Regarding last class, I'm very happy with our conversation on the topic of games. I think people's favorite games tell a lot about them, and we had a great discussion about what we like and look for in games. It's interesting to me how many people get addicted to mobile games, and the different reasons they give for getting pulled in. Eni, in particular, mentioned Kim Kardashian: Hollywood, a game that I also was sucked into a while back. It's crazy how even silly-seeming games have the power to pull you in.
When I was a child, video games were so important. I remember hours of playing Animal Crossing on my Nintendo DS with friends (with or without multi-player options), and bonding over the husbands and children we had in Harvest Moon. Kingdom Hearts is still my favorite game, and I have many fond memories of taking turns playing with my best friend. What strikes me about games like I've mentioned, is that they're still relevant today. The slightest mention of one of these games can turn into a full-blown nostalgia-fest with the most unexpected people, and I treasure these conversations. Although I was never a gamer, I understand why these bonds are important.
On a small scale this past weekend, my dad and I bonded over a hidden pictures-esque game he found on the Play Store (the name of which escapes me). We had a great time playing through and finding the hidden items, and it was a cool experience to bond over a multi-generational game taken to a mobile platform.
In class, I had the time of my life playing Little Alchemy 2, and it seems like others did as well. It was amazing to combine different elements and see what could be built, and remains an apt analogy for our class. Katherine's progress in the game was admirable, and I still can't figure out how she created life! I may have to go back and play some more, when I have time (hah-- what's "time"?)
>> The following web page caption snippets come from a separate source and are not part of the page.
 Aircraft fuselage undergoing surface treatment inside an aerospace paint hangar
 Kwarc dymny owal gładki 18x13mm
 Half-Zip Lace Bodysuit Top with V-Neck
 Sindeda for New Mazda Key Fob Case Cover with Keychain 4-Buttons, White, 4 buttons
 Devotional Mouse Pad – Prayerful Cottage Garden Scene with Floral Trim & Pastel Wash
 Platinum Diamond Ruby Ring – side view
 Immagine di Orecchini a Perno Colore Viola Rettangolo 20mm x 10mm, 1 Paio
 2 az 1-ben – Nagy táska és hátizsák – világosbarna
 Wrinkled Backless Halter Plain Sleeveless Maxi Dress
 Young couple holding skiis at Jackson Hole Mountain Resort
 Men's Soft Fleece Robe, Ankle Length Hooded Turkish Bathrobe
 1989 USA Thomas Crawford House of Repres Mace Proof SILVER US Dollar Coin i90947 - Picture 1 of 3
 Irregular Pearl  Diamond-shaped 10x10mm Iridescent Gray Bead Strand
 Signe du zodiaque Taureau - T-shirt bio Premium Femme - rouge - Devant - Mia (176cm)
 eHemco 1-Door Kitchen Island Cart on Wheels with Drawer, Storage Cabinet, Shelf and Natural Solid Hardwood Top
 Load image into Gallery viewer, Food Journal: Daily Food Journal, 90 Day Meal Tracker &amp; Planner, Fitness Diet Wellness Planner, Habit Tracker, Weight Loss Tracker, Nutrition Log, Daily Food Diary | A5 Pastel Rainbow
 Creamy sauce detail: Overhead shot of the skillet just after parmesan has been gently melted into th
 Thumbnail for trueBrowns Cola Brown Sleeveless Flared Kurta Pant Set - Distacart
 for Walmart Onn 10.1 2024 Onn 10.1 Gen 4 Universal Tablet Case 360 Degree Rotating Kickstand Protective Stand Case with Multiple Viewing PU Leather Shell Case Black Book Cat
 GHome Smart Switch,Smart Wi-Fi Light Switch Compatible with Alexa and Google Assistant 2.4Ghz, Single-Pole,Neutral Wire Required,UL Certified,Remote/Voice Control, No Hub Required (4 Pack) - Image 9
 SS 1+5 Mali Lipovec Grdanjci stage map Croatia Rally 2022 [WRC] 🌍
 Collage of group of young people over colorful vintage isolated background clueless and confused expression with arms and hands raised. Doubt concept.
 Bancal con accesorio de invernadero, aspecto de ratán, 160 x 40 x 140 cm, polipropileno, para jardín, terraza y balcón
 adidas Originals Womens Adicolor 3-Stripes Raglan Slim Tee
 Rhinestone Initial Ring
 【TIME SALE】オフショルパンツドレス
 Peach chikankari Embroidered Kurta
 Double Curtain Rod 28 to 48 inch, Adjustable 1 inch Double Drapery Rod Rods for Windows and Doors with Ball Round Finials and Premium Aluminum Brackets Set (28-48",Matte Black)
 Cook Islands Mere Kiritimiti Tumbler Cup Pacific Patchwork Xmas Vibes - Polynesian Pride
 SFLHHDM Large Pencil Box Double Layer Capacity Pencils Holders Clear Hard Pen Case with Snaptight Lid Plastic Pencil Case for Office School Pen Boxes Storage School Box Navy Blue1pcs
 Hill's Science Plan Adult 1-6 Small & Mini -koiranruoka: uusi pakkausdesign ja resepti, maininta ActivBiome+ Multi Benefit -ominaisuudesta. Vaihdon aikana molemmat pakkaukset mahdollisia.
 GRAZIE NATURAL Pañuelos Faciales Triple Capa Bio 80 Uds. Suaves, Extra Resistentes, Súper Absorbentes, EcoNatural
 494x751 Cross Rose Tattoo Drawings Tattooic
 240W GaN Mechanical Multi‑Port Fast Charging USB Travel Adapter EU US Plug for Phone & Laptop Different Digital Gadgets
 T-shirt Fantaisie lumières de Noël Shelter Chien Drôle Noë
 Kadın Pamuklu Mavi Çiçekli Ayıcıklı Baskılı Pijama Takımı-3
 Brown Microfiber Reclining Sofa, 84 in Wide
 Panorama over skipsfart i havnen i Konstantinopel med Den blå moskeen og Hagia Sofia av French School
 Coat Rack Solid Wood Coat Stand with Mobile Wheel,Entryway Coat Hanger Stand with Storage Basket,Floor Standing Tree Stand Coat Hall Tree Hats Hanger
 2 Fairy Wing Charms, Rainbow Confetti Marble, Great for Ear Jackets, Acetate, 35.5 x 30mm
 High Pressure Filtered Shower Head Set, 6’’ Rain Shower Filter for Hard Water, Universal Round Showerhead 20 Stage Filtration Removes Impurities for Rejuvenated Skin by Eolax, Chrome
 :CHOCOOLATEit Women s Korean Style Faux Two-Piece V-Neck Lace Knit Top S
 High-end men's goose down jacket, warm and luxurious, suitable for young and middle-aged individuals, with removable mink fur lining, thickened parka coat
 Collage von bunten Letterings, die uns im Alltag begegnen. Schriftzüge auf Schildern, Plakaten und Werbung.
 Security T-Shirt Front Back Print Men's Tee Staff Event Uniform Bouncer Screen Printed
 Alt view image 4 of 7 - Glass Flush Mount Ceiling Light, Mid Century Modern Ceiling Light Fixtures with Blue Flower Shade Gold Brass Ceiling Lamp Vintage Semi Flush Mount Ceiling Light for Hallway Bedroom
I'm happy that I was able to participate in the studio visit with Remi Kalir and Keegan Long-Wheeler. As you will see in my first DDA response below, I am not well-versed in video games. I enjoy them, but I haven't played in years (although I'm coming out of retirement for Kingdom Hearts 3-- FINALLY). Our conversation regarding the importance of games made me ponder how they might be incorporated into the classroom to evoke responses from students. We live in a time where everyone is so jaded that we cannot take fun for granted, and I believe it should be integrated in every way possible. I'm excited to see the games that Professor Maha Bali's students in Egypt are working on, and I look forward to communicating with them!
DDAs: 3/13 through 3/19/18
My caption sums it up...as I've said, video games are fun and important and cool but am I a gamer? Not whatsoever.
As Hailey and I have discussed, there's really no way of making eyes look normal in this kind of picture. But "artsy" was my goal so.....
In conclusion, I'm nervous for this week. Sound editing is not really my thing, so we'll see how it goes! I have a lot of admiration for people who do it well. Last semester, I was quite impressed by Brooke, and I can't wait to see what this semester brings!